Retype the entries below without any change.

(Records from a data source)
^^^^^^^^

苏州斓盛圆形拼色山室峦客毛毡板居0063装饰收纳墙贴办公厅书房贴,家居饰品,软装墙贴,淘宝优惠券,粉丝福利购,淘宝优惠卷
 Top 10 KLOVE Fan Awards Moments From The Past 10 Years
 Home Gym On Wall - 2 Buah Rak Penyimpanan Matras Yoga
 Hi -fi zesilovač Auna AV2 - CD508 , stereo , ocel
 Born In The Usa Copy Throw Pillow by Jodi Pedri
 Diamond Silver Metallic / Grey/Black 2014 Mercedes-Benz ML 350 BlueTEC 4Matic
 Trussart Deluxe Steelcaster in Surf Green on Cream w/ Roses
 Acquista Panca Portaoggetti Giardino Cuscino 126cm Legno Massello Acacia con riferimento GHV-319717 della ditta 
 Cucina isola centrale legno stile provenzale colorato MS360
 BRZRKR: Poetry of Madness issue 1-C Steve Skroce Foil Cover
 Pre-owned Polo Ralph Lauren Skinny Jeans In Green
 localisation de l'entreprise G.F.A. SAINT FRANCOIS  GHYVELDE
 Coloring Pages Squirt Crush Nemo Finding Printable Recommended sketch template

^^^^^^^^

- [Solved problem]
苏州斓盛圆形拼色山室峦客毛毡板居0063装饰收纳墙贴办公厅书房贴,家居饰品,软装墙贴,淘宝优惠券,粉丝福利购,淘宝优惠卷
 Top 10 KLOVE Fan Awards Moments From The Past 10 Years
 Home Gym On Wall - 2 Buah Rak Penyimpanan Matras Yoga
 Hi -fi zesilovač Auna AV2 - CD508 , stereo , ocel
 Born In The Usa Copy Throw Pillow by Jodi Pedri
 Diamond Silver Metallic / Grey/Black 2014 Mercedes-Benz ML 350 BlueTEC 4Matic
 Trussart Deluxe Steelcaster in Surf Green on Cream w/ Roses
 Acquista Panca Portaoggetti Giardino Cuscino 126cm Legno Massello Acacia con riferimento GHV-319717 della ditta 
 Cucina isola centrale legno stile provenzale colorato MS360
 BRZRKR: Poetry of Madness issue 1-C Steve Skroce Foil Cover
 Pre-owned Polo Ralph Lauren Skinny Jeans In Green
 localisation de l'entreprise G.F.A. SAINT FRANCOIS  GHYVELDE
 Coloring Pages Squirt Crush Nemo Finding Printable Recommended sketch template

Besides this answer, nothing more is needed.